Tuesday 25 August 2009

The Fresh Word on Theology




You just knew theology was going to come into it somewhere.

There is a use of the term 'theology' which has to do with arranging and analysing themes and topics related to God, perhaps using Scripture as a proof text, but not being tied to the patterns of Scripture. This is not how Dale Ralph Davis uses the term in his third chapter. Theology can be a study of how to live together with God. In Scripture we see the great God of the Bible involving himself in the lives of his people. It is this 'practical' theology that we need to help our preaching and interpretation of all texts, including Old Testament texts.

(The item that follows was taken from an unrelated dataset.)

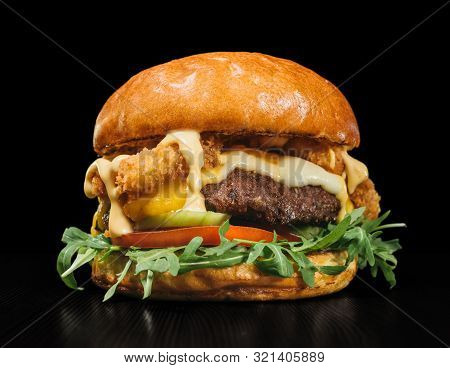 Craft Burger Is Cooking On Black Background. Consist: Sauce, Arugula, Tomato, Red Onion Rings Fries,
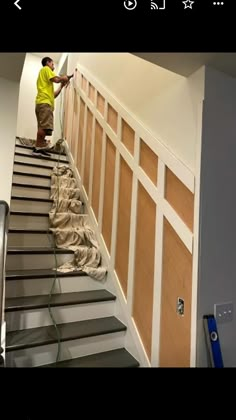 a man in yellow shirt painting stairs with white paint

Davis takes the example of the Abraham narratives, Gen 12 following and identifies the four-fold promise of Gen 12:1-3 as the theological centre of the complex of narratives.

Gen 12:10-20: Abram lies to Pharaoh about Sarai being his sister. This lie puts the covenant promise of descendants at risk. Abram's major defect here is not lying (this is not a Victorian morality tale), but a failure to trust Yahweh the promise making God. Protection should be entrusted to Yahweh and his promise.
Or what about Gen 23, a sad tale of death and burial arrangements. The point is not that we should all have pre-paid funeral plans and all the arrangments made in advance. No, the promise of the land, Gen 12:1-3, is beginning to be fulfilled - even if only in a cemetery! This small beginning can be over looked if we are not watching for the theology at work in the narratives.

What a contrast to a commentator like say Brueggemann, whose insights are often very helpful. However, a great weakness in Brueggemann is his insistence that each of the OT narratives is independant from every other OT narrative. Even to the point where Gen 12 does not relate to Gen 13 or Gen 14!

Although Davis ends his chapter with a comment on the OT scholars search for 'the centre' his use of theology as a category for studying OT narrative texts does not depend upon resolving this riddle. Rather theology provides a coherent, whole bible framework within which each text can be held together. We can't be simple bible readers if we want to be biblical preachers, we need a robust, whole bible theology.